La creatura è un misto di tenerezza, dolcezza, con punte d’arroganza e maliziosità, specie quando ti punta quegli occhietti scuri e…ti fulmina. “Lo sapete che di me dicevano che so cantare? Bene, avevano ragione!”
Alla libreria Feltrinelli è venuta per presentare il suo libro, “Il Paradiso non è un granchè”: “l’ho scritto perché mi piaceva farlo, perché hanno visto che …evidentemente anche con la penna ci so fare, e poi anche per soldi: devo essere ipocrita?”
Il folto pubblico applaude; c’è chi è andato due ore prima per prendere posto ‘davanti’. Gli chiedono ancora della sua bellissima canzone: “L’inizio parla della sofferenza di un amore, però, poco a poco, arrivano spiragli di luce che ti fanno meditare e capire. In un rapporto possono succedere cose brutte, profonde, macigni che ti porti dentro. Ad un certo punto scoppi, non ce la fai più. Anche perché seguono cattiverie, recriminazioni…non bisogna dare mai niente per scontato, quando ami non puoi fare tutto quello che vuoi: l’amore è anche rispetto.”
Eccola finalmente! Si è svelata con note di profonda dolcezza che le pervadevano il bel faccino. Prosegue parlando delle sue insicurezze: “non potrei non andare in analisi, è fondamentale;ho buoni sentimenti ma sono confusa, debbo confrontarmi continuamente nella scissione tra buoni e cattivi. Penso…che ognuno di noi viva dei conflitti da ordinare. Sono ipersensibile, questo è bello, amplia non poco le emozioni piacevoli, però troppa delicatezza può anche torturare in questo mondo di artigli.” Arriva un amico che la interrompe. “Arisa…Arisa, amica mia! Che bello parlare di analisi con te!” Inizia con una sequela di parole (anche scombinate) sull’importanza di farci ispezionare!!!! in un gioco balbuziente e affettuoso. Peccato che i tre minuti concessi diventano dieci, dodici…è quasi obbligo fermarlo.

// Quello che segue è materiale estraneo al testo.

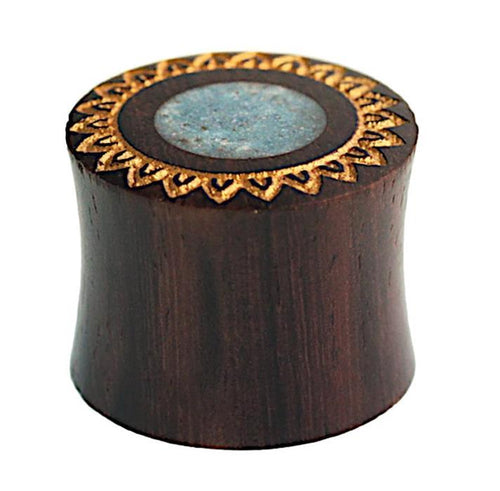 Plug Sonoholz crushed Türkis Stein Inlay Blume gold double flared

Lei, è seduta composta; osserva che crede molto in quello che fa e che come tutti gli esseri mortali…si stanca. Se gli parli della sua Lucania si illumina. “Terra bellissima e feconda che partorisce gente come noi.”
Gente come noi: ma non era di Spagna? Boh. Guardandola intensamente vedi qualcosa di ascetico…gli occhi raccontano molto. Non è uno sguardo superficiale ma ricco di contenuti. E lei ci gioca sopra, usa l’arma dell’ironia per spiazzare tutti.
Qualcuno sussurra che lei lavora con la sua bellezza seppur con modestia.
Le donne…valle a capì!
Arisa scappa anche perché ha l’influenza: “pista, altrimenti ve l’attacco!”
Un ragazzo gli fa una domanda al volo mentre lei imbuca la porta: qualcosa su Sanremo, Morandi, Belen…”Ancora con questa storia della farfalla…se fossi come lei l’avrei indossata pure io la farfallina! Scusa ma ….? ma non lo sai che è dalla patata al collo che parte tutto!”
Saggezza del sud. Della Basilicata ovviamente.